Galaxy Le Corbusier: New book tells fascinating story of Czech architect František Sammer

Czech architect František Sammer has been mostly associated in his country with the construction of one of the first housing estates in the style of Socialist Realism. It is less known that Sammer worked for the greatest modern architect Le Corbusier and had friends among the most important figures of interwar architecture.

Martina Hrabová | Photo:  Radio Prague International

His fascinating life story is the subject of a new book, called Galaxy Le Corbusier, written by art historian Martina Hrabová. She borrowed the title from the famous designer Charlotte Perriand, who used it to describe Le Corbusier’s studio in the interwar period.

“It was apparently a really charismatic world of people that were connected by the same ideals, the same vision of the future and the same vision of art. I imagine it as a force that was impossible to resist. It was a world of its own, an autonomous universe.

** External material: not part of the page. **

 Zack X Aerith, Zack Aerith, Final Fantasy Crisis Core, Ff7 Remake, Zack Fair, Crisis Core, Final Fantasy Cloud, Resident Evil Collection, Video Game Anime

“So I borrowed this term to go a bit further and call the group of the people from the studio a network. And it is something I prove in my book. The people in the studio remained connected throughout their whole lives. It was not just a short-term period related to their studies or practice. They established really strong bonds.”

František Sammer | Photo: © Sri Aurobindo Ashram Archives

One of the members of the Galaxy of Le Corbusier was the Czechoslovak architect František Sammer. How did you first come across him and what triggered your interest in him?

“It is actually a very interesting story. For many years, I was researching Czech architects who worked with Le Corbusier in Paris. When I first visited the Fondation Le Corbusier, where the whole archive of the Swiss-French architect is stored, I had a list of names I knew from Czech literature.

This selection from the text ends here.